## Problem to work on
Exact copies of all the lines below are needed, without the pictures.

## Available data
__________________________________________________

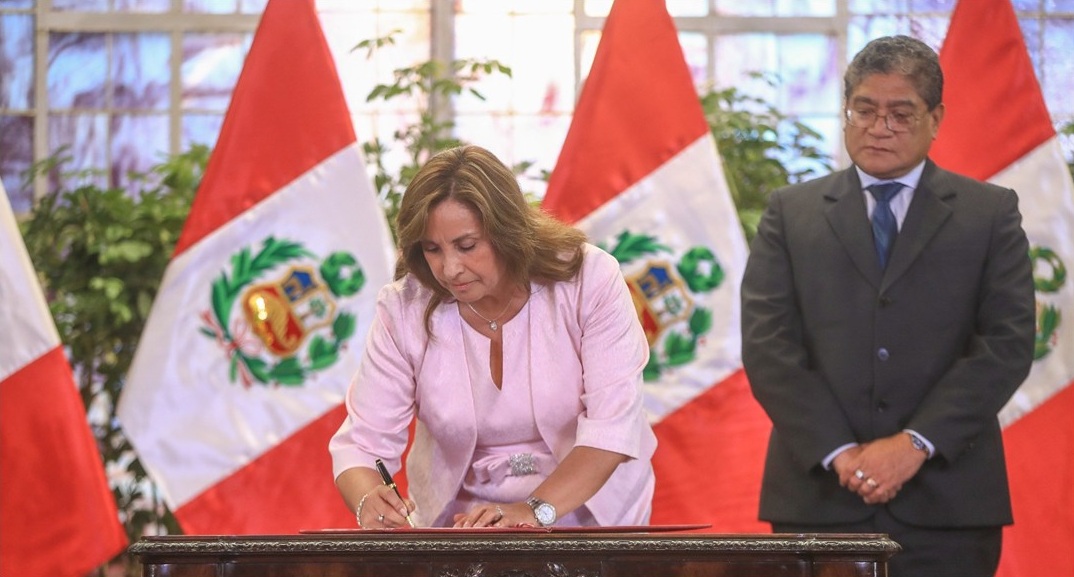 En pomposa ceremonia, Dina Boluarte promulgó ley de amnistía para policías y militares que violaron derechos humanos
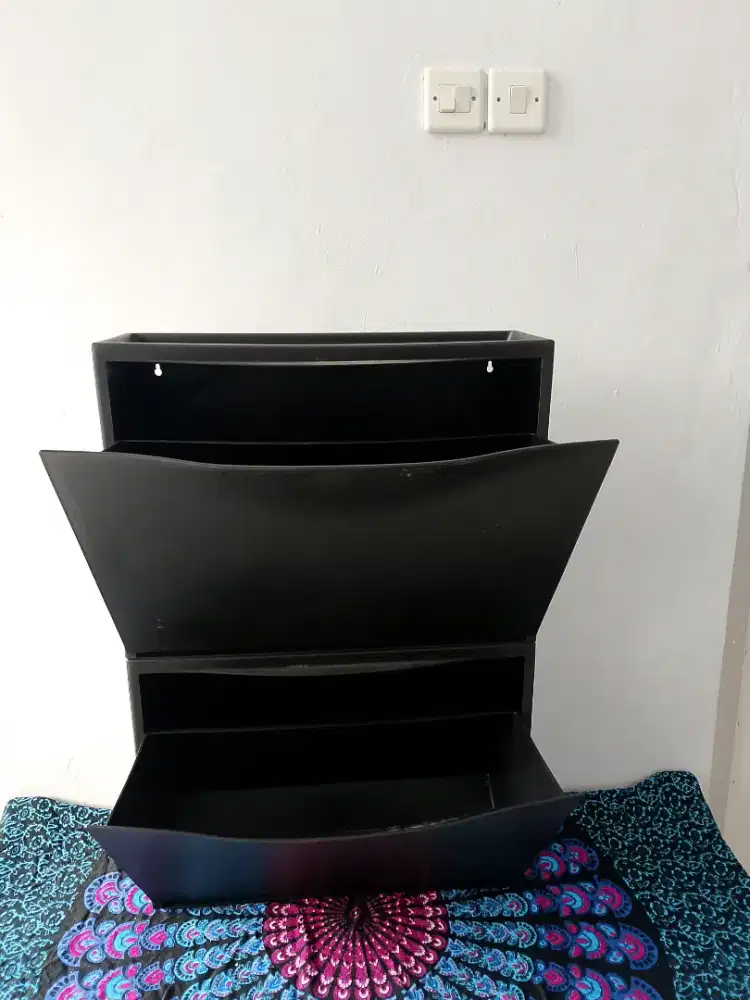 Rak sepatu IKEA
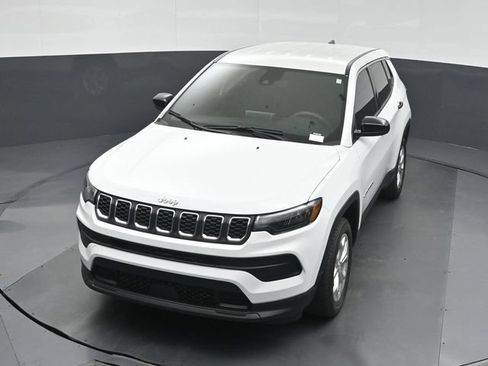 Used 2025 Jeep Compass Sport AWD/4WD image 36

__________________________________________________

## Expected output
 En pomposa ceremonia, Dina Boluarte promulgó ley de amnistía para policías y militares que violaron derechos humanos
 Rak sepatu IKEA
 Used 2025 Jeep Compass Sport AWD/4WD image 36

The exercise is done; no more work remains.